We have some dead interesting discussions and a few differences of opinion, but they’re making amazing progress. However, I’m not always convinced that they all enjoy being taught in the way that I like to learn. What if I’m imposing my methods on them, rather than giving them the freedom from schoolroom infantilisation that I assume they want?

I picked up subtle hints that a more didactic way might be the way forward from one of my students. Admittedly, she has a firework personality and can just as easily explode with frustration as enthusiasm, but she works really hard and I secretly think she’s ace.

Last week Madame Gobbo told me for the umpteenth time that she just wanted to sit down, do worksheets and ask me questions in order to improve her English. She DID NOT want to talk about the news or do projects, or go on computers to find out about “world shite” because she didn’t learn anything about English by doing that.

Teaching by stealth?

I explained how I sneak in the boring stuff by stealth teaching and listed all the things that she could do now that she couldn’t, or at least didn’t feel confident doing before the session started -  all of it underpinned by what she sees as irrelevant “world shite”. She conceded. But still, I didn’t like it.

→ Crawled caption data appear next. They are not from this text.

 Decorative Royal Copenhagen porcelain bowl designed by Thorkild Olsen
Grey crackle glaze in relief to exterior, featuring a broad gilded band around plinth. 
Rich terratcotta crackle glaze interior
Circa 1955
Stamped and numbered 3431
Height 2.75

I don’t mind if any of my students question my methods. It keeps me on my toes. The problem was that she didn’t feel like she’d learned anything, even though the evidence showed that she had. All things considered, is that really a problem? Ummm, yes. Maybe it is.

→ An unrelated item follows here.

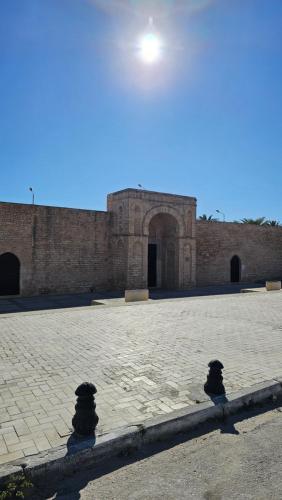 a large brick building with an arch in the middle at Cœur de Mahdia in Mahdia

I thought about why it might be a problem. Lots of my adults have a fixed idea of what learning is, based on the last time they were in education, which for most was at school, 10, 20, 30 years ago or more. Maybe me pushing towards autonomous learning is not the most helpful approach for them? Maybe they would feel more confident, more secure and more respected to be part of a room where there is a very clear hierarchy?

When revenge backfires

One where the teacher-student relationship is based on strict boundaries and clear instruction. Where I tell them what to do because I know best. I don’t like the sound of that at all, but I wanted my students to remember just how tedious the worksheets-and-silence way of learning actually is. So I thought: “Right. I’ll show you.”

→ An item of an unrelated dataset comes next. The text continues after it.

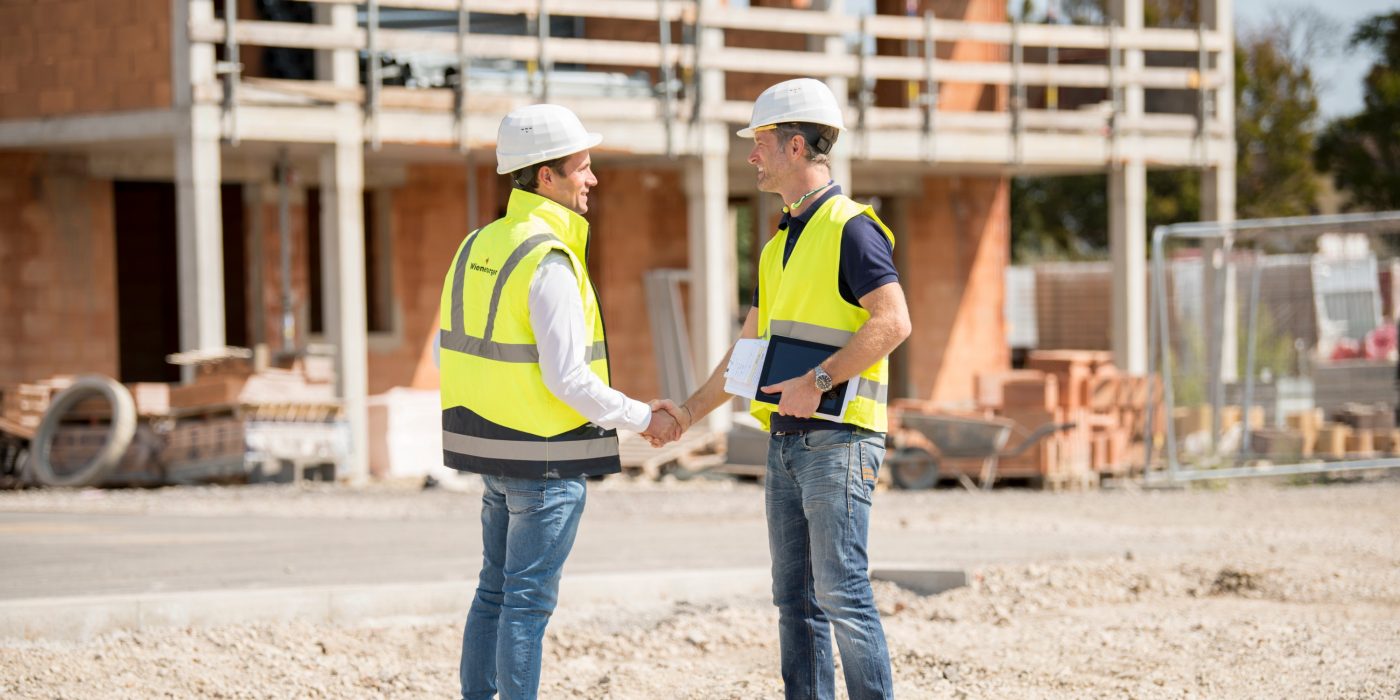 Manager and builder shaking hands on construction site in front of building shell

The first step was to work out what I should do differently. I’ll hold my hands up, one of my biggest teacher failings - and you’ll be shocked by this - is that I talk too much. So I’d have to pack that in for a start, and keep a beady eye on the time to stick to the following rigid plan.

I state a topic. Punctuation, for example. And not your coy apostrophe or your look-at-me exclamation mark. No, only a sturdy, dependable full stop would do. I explain the topic for two minutes, then ask related questions. We look at an activity or worksheet for two minutes and I take questions on it. They then complete said activity or worksheet. And, finally, we mark the bloody thing. Rinse and repeat (until one of us loses the will to live).

And that’s what we did. I framed it as a “recap class” so they didn’t twig on that I was just being petty. Of course, I was there to help when needed; I didn’t go the whole “fictional 1970s teacher” hog, slurping a Maxwell House, smoking a fag, and leafing through a copy of The People’s Friend.

It is with great regret that I can inform you that the lesson proved a success. My revenge completely backfired. They’ve asked if we can do more classes like that. I’m bored already.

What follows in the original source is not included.